T.W.: Sem dúvida, porque coincidiu com muitas mudanças. Havia essa questão da mudança interna e nem sequer tentamos fugir a isso, porque é importante refletirmos todos, enquanto banda, sobre o mesmo tema. Muitas vezes, quando escrevo as letras, elas refletem o meu ponto de vista, mas existe sempre uma tentativa de falar por todos, embora isso nem sempre seja possível. Neste caso existia essa fase de transição comum, mas também outros episódios, como o termos saído do nosso estúdio de sempre.

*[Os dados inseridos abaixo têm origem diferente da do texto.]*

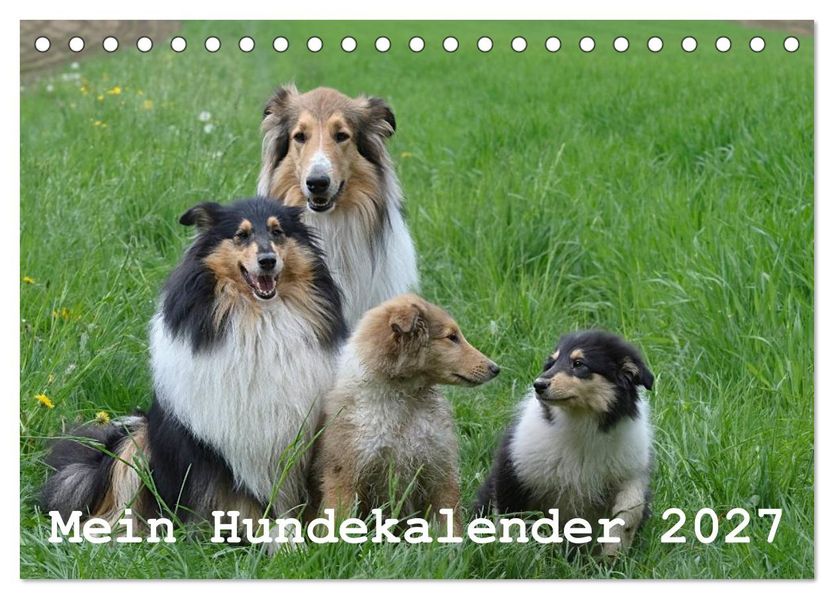 Mein Hundekalender 2027 (Tischkalender 2027 DIN A5 quer) CALVENDO Monatskalender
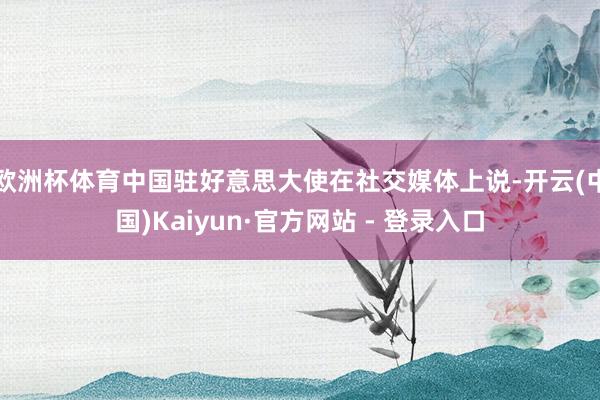 欧洲杯体育中国驻好意思大使在社交媒体上说-开云(中国)Kaiyun·官方网站 - 登录入口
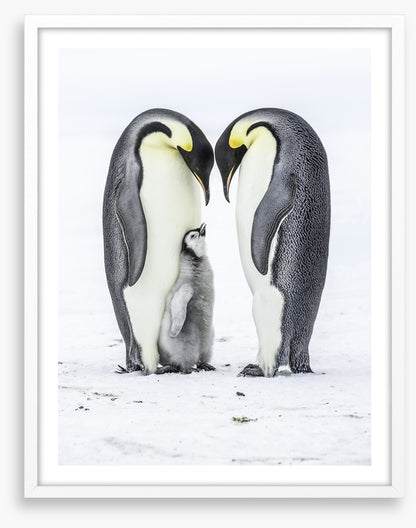 Parental love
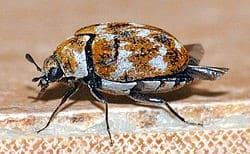 Controlling Carpet Beetles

É natural que nos questionássemos, porque as coisas simplesmente acabam um dia. E fomos surpreendidos por muitas situações que nos levaram a questionar tudo. Tivemos a morte de uma pessoa muito próxima em condições bastante trágicas, fomos pais, houve casamentos…
Pode dizer-se que este é o álbum mais adulto dos Capitão Fausto?

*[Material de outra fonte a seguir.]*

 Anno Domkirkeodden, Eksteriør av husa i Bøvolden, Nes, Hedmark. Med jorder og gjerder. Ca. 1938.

T.W.: Talvez, até porque é o mais recente (risos).
D.C.: Pelo menos foi o álbum em que tínhamos de deixar de trabalhar às cinco, porque tínhamos de ir buscar as crianças à escola. E isso, parecendo que não, condiciona o trabalho. Talvez não em termos artísticos, mas no sentido em que já não somos os miúdos que podem ir às duas da manhã gravar baterias só porque lhes apetece. Houve o lado de abraçar a rotina e a repetição com o qual todos tivemos de aprender a viver. E é muito engraçado o modo como estes três ou quatro anos tão intensos acabaram resumidos em pouco mais de 30 minutos de música.

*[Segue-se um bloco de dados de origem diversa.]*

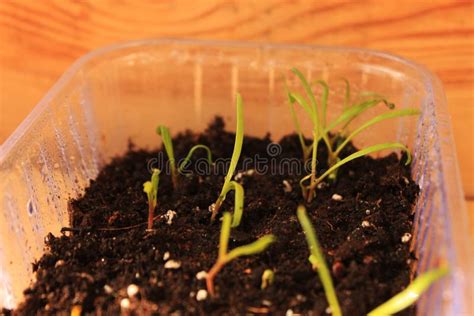 Young Shoots Of Spinach In A Pot Stock Photo Image Of Growing Food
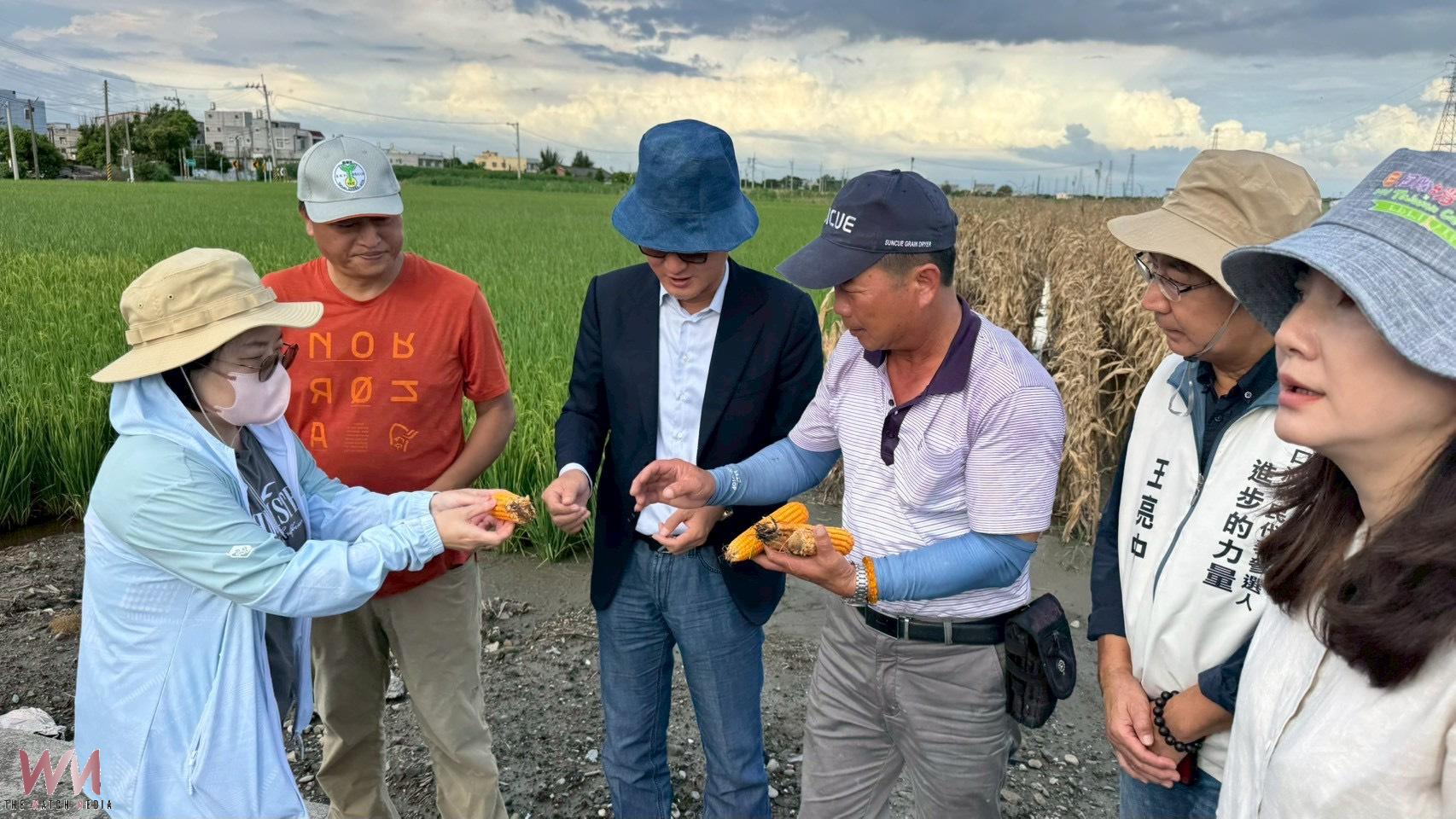 氣候衝擊農損嚴重 雲林硬質玉米列災救助區農民每公頃補助2.8萬 - https://www.watchmedia01.com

Como é que fazem esse trabalho de peneira?
M.P.: Normalmente começamos com rascunhos que alguém traz de casa e depois juntamo-nos e começamos a debater. Este disco foi talvez aquele em que juntámos o maior número desses rascunhos, que nem sequer são músicas. Vamos espremendo e moldando, há partes que se transformam, outras que se perdem…
T.W.: O facto de ser muito peneirado tem a ver com os nossos próprios critérios, que estão cada vez mais aguçados, até para não repetirmos alguns erros que já cometemos no passado. Por outro lado, tem também a ver com o facto de sermos cinco, agora quatro, e de tentarmos sempre encontrar um ponto comum entre todos para cada solução. Isso faz com que demoremos muito tempo a finalizar os processos, mas também leva a este tipo de síntese, de resumir três anos em apenas 30 minutos.
D.C.: Pessoalmente, gosto muito da ideia do formato canção, que a muitos poderá parecer limitadora, mas para mim esse limite é muito útil para a criatividade. A síntese de uma canção é algo que desejo cada vez mais, porque, apesar desses limites, nela podem caber todas as referências do mundo. O facto de este disco ser curto acabou por ser algo muito bem conseguido.

Como é que a vossa relação de amizade sobrevive a isso tudo, às rotinas, às negociações, às ruturas? Não faltam exemplos no mundo da música de grupos de amigos que começam a tocar juntos e acabam de relações cortadas…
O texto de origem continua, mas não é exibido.